- [TRY IT]: Produce a word-for-word copy of the data that follows, excluding images.

- [INPUT DATA]:
■ ■ ■ ■ ■

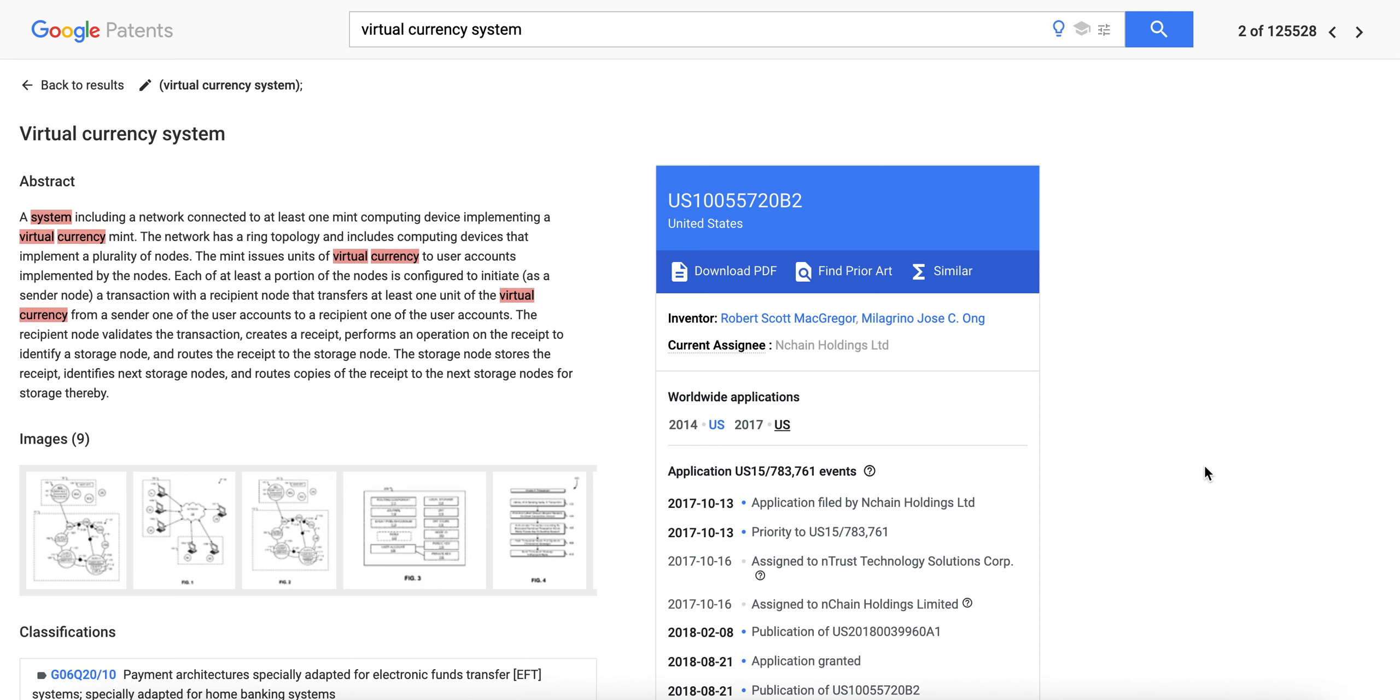What's happening guys, hope you're having an amazing day. This is the Bitcoin Maxi channel, I am the Bitcoin Maxi. Today we're going to be talking about patents, in particular nChain patents.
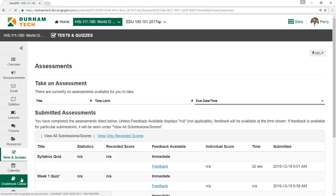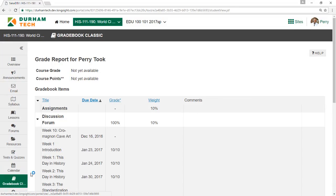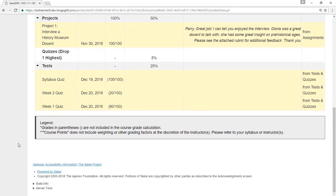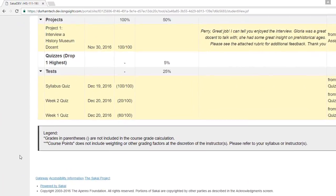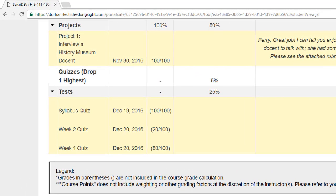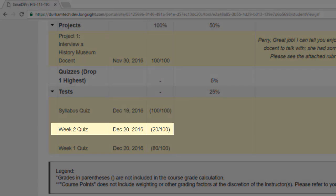When viewing your course grade, keep in mind that if your test does have short answer or essay questions, those must be manually graded by your instructor. Until your instructor has graded these, your overall test score may seem lower than what you expected. Once your instructor has graded these questions and awards points for them, your adjusted test score will be displayed.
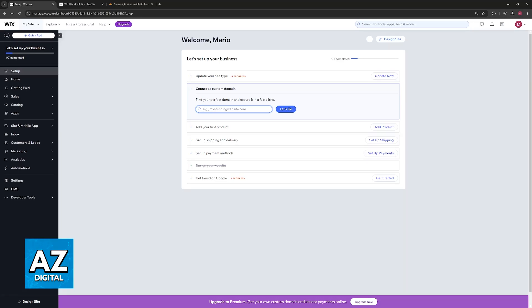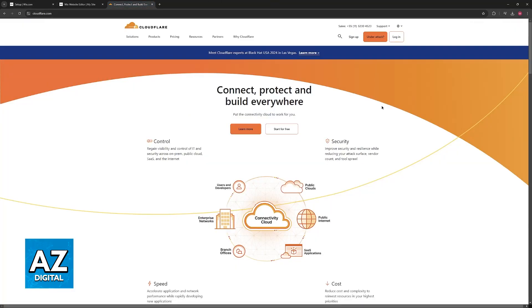You can try disabling the Cloudflare proxy. If you must use Cloudflare, you can disable the proxy feature on your domain. This will bypass Cloudflare's CDN and allow Wix to handle content delivery. But keep in mind that disabling the proxy might affect other Cloudflare features like security and performance.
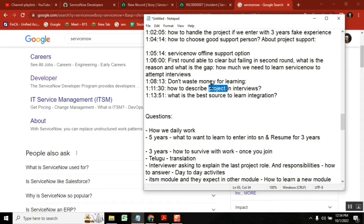Each line, each word you write, you need to be able to speak about it. Don't copy paste things like service portal integration, flow design, and so on. Whatever you know and are 100% confident about, keep them and write by your own.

■ ■ ■ ■ ■

- [EXPECTED OUTPUT]:
What's happening guys, hope you're having an amazing day. This is the Bitcoin Maxi channel, I am the Bitcoin Maxi. Today we're going to be talking about patents, in particular nChain patents.
When viewing your course grade, keep in mind that if your test does have short answer or essay questions, those must be manually graded by your instructor. Until your instructor has graded these, your overall test score may seem lower than what you expected. Once your instructor has graded these questions and awards points for them, your adjusted test score will be displayed.
You can try disabling the Cloudflare proxy. If you must use Cloudflare, you can disable the proxy feature on your domain. This will bypass Cloudflare's CDN and allow Wix to handle content delivery. But keep in mind that disabling the proxy might affect other Cloudflare features like security and performance.
Each line, each word you write, you need to be able to speak about it. Don't copy paste things like service portal integration, flow design, and so on. Whatever you know and are 100% confident about, keep them and write by your own.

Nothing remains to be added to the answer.